» **Problem details**
The line containing "שריפה גג כבאות", plus every line that follows it to the end of the listing below, is what you transcribe exactly; omit all pictures.

BEGIN

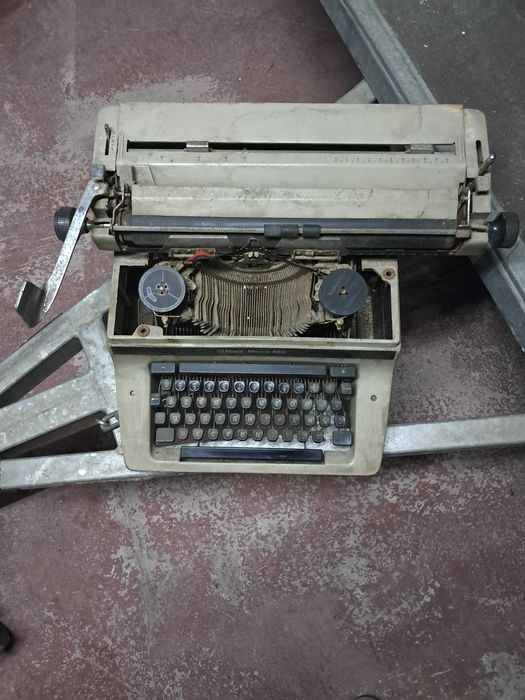 Máquina de escrever antiga Royal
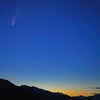 ネオワイズ彗星と夕焼けの画像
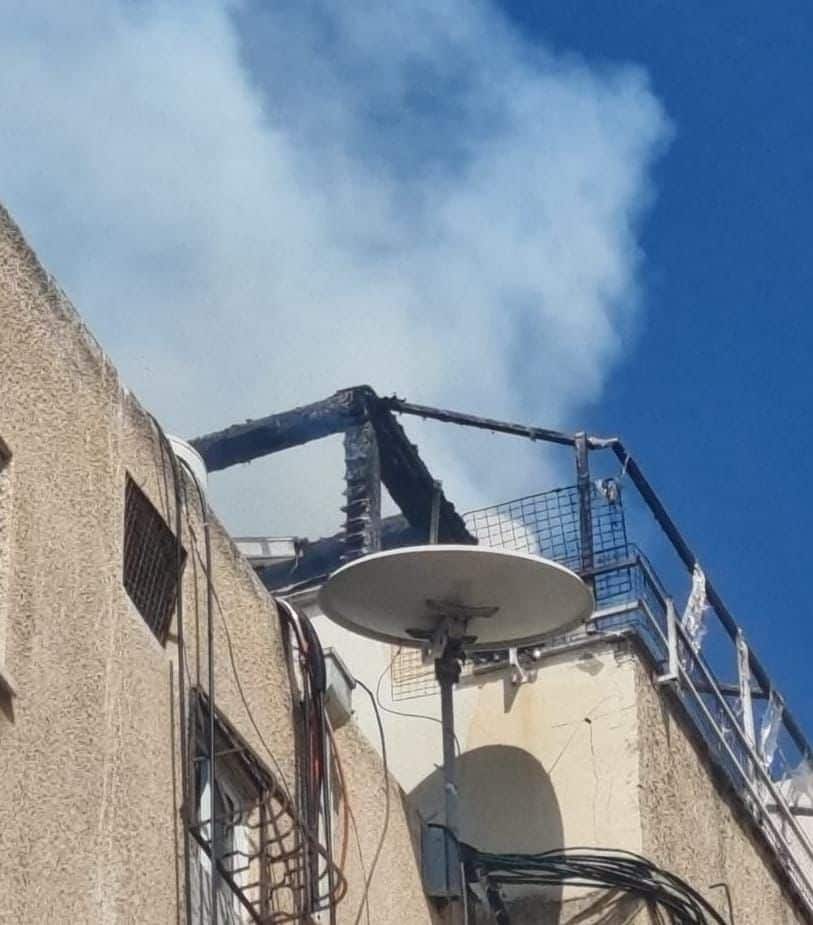 שריפה גג כבאות והצלה צילום דוברות והסברה תחנה איזורית חולון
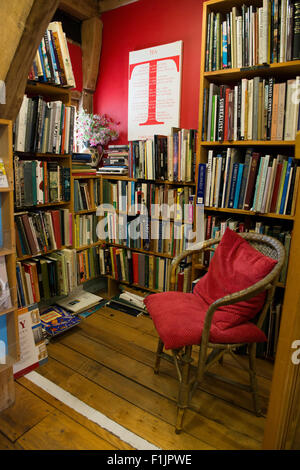 Poltrona e una tranquilla alcova per la lettura a Wenlock libri, una pluripremiata libreria indipendente in Much Wenlock, Shropshire, Regno Unito. Foto Stock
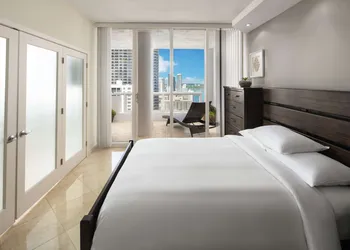 DoubleTree by Hilton Grand Hotel Biscayne Bay hotel thumbnail 6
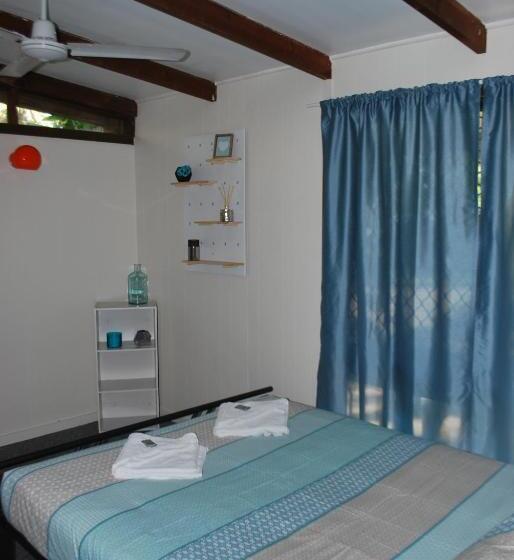 کابین, Colonial Village Resort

END

» **Exercise response**
 שריפה גג כבאות והצלה צילום דוברות והסברה תחנה איזורית חולון
 Poltrona e una tranquilla alcova per la lettura a Wenlock libri, una pluripremiata libreria indipendente in Much Wenlock, Shropshire, Regno Unito. Foto Stock
 DoubleTree by Hilton Grand Hotel Biscayne Bay hotel thumbnail 6
 کابین, Colonial Village Resort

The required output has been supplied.